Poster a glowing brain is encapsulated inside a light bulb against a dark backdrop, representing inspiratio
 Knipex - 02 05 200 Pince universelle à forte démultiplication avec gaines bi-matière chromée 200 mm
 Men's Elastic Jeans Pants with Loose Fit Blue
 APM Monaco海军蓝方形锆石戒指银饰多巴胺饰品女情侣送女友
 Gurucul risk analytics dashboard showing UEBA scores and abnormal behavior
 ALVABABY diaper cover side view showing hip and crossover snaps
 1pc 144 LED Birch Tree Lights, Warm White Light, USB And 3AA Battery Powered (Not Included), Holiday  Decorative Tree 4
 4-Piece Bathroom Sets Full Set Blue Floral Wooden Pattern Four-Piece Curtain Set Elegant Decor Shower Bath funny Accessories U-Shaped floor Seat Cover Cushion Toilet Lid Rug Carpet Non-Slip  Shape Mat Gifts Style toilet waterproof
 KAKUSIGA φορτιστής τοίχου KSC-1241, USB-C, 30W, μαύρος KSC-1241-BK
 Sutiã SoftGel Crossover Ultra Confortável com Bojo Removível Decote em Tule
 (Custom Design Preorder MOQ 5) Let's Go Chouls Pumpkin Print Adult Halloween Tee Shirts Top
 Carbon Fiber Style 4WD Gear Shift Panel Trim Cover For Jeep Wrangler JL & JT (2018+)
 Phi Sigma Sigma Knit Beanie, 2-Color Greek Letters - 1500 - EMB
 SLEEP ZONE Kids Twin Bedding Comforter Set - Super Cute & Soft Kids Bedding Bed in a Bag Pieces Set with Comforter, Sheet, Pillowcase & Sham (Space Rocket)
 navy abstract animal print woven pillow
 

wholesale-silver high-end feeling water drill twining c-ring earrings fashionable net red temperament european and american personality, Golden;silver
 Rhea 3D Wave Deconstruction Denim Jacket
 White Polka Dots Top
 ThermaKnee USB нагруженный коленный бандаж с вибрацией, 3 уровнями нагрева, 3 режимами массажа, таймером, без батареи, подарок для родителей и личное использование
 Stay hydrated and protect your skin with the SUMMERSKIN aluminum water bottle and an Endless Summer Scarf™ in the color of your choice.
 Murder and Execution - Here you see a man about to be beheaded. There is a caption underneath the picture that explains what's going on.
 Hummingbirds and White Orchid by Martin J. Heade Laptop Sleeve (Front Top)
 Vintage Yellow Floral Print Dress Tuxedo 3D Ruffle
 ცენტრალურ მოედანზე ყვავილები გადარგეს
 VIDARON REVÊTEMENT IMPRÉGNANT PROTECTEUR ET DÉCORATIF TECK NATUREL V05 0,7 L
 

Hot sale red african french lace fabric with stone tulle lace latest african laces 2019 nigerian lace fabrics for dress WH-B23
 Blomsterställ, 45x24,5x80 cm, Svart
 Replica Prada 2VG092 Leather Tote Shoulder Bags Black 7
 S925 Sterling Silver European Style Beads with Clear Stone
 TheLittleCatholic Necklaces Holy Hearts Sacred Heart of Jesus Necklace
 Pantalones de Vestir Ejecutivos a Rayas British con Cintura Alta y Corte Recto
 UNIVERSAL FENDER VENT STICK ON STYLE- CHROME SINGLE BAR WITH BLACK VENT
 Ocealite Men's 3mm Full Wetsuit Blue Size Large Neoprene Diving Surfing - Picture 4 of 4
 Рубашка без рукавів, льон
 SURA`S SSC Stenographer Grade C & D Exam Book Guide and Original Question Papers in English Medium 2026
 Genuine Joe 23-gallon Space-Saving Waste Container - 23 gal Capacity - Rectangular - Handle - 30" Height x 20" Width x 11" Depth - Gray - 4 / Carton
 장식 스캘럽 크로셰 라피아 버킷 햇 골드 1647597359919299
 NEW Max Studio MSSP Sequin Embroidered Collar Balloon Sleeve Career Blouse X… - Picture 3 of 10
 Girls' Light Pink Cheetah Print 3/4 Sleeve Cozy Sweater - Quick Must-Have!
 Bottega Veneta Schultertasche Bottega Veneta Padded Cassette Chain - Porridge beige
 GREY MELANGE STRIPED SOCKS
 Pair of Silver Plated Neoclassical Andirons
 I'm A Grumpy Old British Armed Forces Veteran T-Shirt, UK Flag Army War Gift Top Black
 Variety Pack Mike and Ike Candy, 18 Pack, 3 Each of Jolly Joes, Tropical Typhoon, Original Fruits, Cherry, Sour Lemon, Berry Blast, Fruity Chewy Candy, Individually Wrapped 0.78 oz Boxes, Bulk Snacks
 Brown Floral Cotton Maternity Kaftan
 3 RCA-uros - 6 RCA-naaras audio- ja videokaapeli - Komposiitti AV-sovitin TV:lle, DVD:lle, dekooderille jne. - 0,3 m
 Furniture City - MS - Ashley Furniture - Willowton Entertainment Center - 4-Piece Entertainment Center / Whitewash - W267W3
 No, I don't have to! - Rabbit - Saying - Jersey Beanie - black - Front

## Task
Restate, word for word and without additions, every line from the top of the listing above through the line that contains "1pc 144 LED".

## Response to this task
Poster a glowing brain is encapsulated inside a light bulb against a dark backdrop, representing inspiratio
 Knipex - 02 05 200 Pince universelle à forte démultiplication avec gaines bi-matière chromée 200 mm
 Men's Elastic Jeans Pants with Loose Fit Blue
 APM Monaco海军蓝方形锆石戒指银饰多巴胺饰品女情侣送女友
 Gurucul risk analytics dashboard showing UEBA scores and abnormal behavior
 ALVABABY diaper cover side view showing hip and crossover snaps
 1pc 144 LED Birch Tree Lights, Warm White Light, USB And 3AA Battery Powered (Not Included), Holiday  Decorative Tree 4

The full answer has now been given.